Looking back, it seems incredible to recall just how sparse the travel bookshelves were 25 years ago in 1982. There was a small selection of Fodor’s and Frommer’s, both of which were rather looking their age, and if you found yourself in Asia you might have come upon a primitive Lonely Planet guide. But for the most part, the shelves were bare: There were literally no guides on the Eastern European countries, or China (which suddenly became accessible in the mid-1980s), or Vietnam; there was hardly anything even on mainstream destinations like Morocco or Kenya.
And the guides that did exist seemed to me, then a 22-year-old English graduate in search of a job without an office, to describe a kind of parallel universe. A mid-1970s guide to Greece or Spain would have a curious absence of Greeks or Spaniards, beyond occasional walk-on parts doing folklore dancing.
When I wrote the first Rough Guide to Greece with a bunch of friends in 1982, we wanted to get right into the thick of contemporary life. We wanted to write like real journalists (none of that land of contrasts baloney for us) and we wanted to explore and recommend places where you’d do the same things as local people. It seems utterly bizarre today, but a previous generation of guidebooks would not have considered recommending a local bar or club, or joining in a festival, or going to a football match; they wouldn’t have much of a clue about trekking or other outdoor pursuits, either. And the books that I consulted on Greece would not have given you much to talk about once you had found your local bar: History seemed to stop with the War of Independence, while the Greeks that you met, of course, wanted to talk about life and politics since the fall of the colonels’ junta just a few years back.
We tried to address all of these angles in that first Rough Guide, and to write with a directness that would feel fresh to ourselves and our readers, enthusing about the places we liked, and being quite rude about those we didn’t. That was new, too, and it hit an immediate chord. We went through three print runs of the Greece book in the first few months, and before we knew it, we were busy creating a series, first covering Europe, then the USA and South America, and Asia. We reached 20 titles in the first five hectic years, and since then we’ve been pushing on to more than 250 titles on countries, cities, regions, cut this way and that.

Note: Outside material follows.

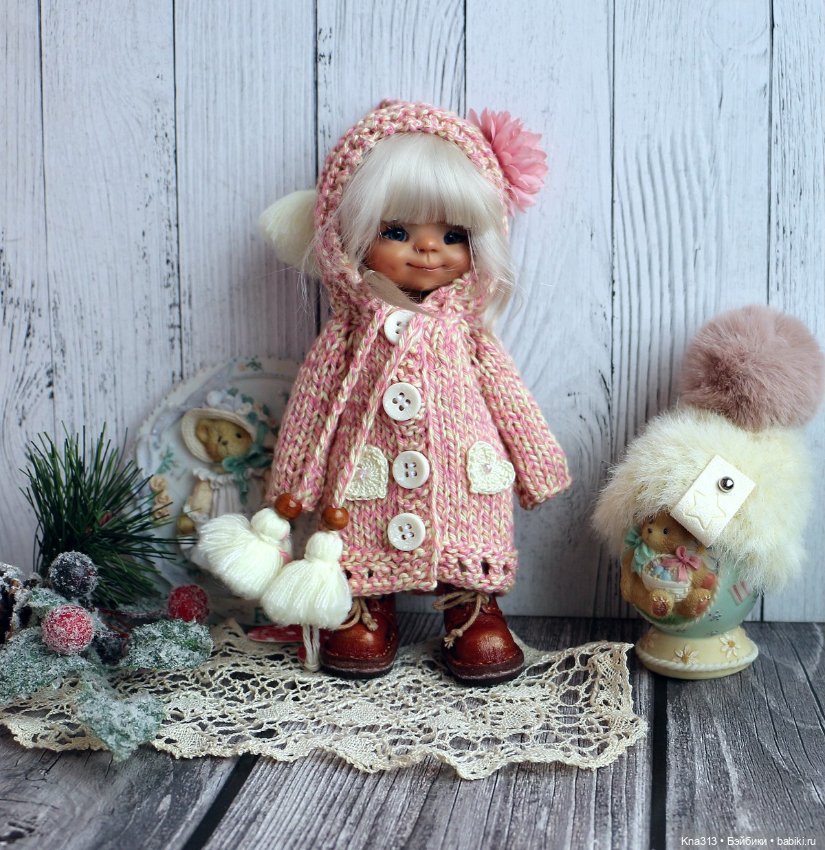Подснежники — Одежда и обувь для кукол своими руками: фото (фото 6)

We realised midway through this trajectory that the approach we were taking with travel explaining complex subjects, empowering readers could work just as well for other areas of publishing. So in 1994, we published a book on world music, a madcap endeavour that set out to cover all the world’s popular roots music, the kind of thing you might hear on the radio in Athens or Bangkok or Bangalore. Just occasionally, I regret this fit of enthusiasm, for like the travel books, our reference books have long lives and many editions. And The Rough Guide to World Music [now published in two region-specific volumes] is the mother of all Rough Guides, weighing in these days at more than a million words, written by 150 different contributors.
But the chance to cover any subject that intrigues us Rough Guide editors and authors, so long as we feel there is a large enough niche of fellow enthusiasts, makes for a compelling publishing life. We don’t always get it right, of course, but the non-travel successes have been astonishing and fun. A decade ago, we published one of the first ever books on the Internet, writing for a new species of enthusiasts drawn to content and communication rather than technical geekery. That went on to sell more than 3 million copies. We had big hits, too, with books on Lord of the Rings (ISBN 9781843532750), cult movies (ISBN 9781843533849) and The Da Vinci Code (ISBN 9781843537137). And most recently, we have been navigating the zeitgeist with a truly exceptional book on climate change (ISBN 9781843537113), which we felt was so important and useful that we have been sending it to the world’s politicians, starting with Britain’s MPs 320 of whom responded to an accompanying questionnaire which is now going out to all U.S. senators, as well as to elected representatives in Australia, New Zealand, South Africa and India.
For our 25th anniversary year, however, we have kept travel as a key focus, with the publication of a series of 25 new books of ultimate experiences, each laid out in magazine style, and offering a new approach to both destinations and themes Wonders of the World (ISBN 9781843538356), Ethical Travel (ISBN 9781843538301) intended both to celebrate and share our expertise. In essence, each book has 25 reasons to take an extended break from work rather like the one we had set out to create for ourselves, all those years ago.
Rough Guides founder and publisher Mark Ellingham, a recovering travel writer, lives in London.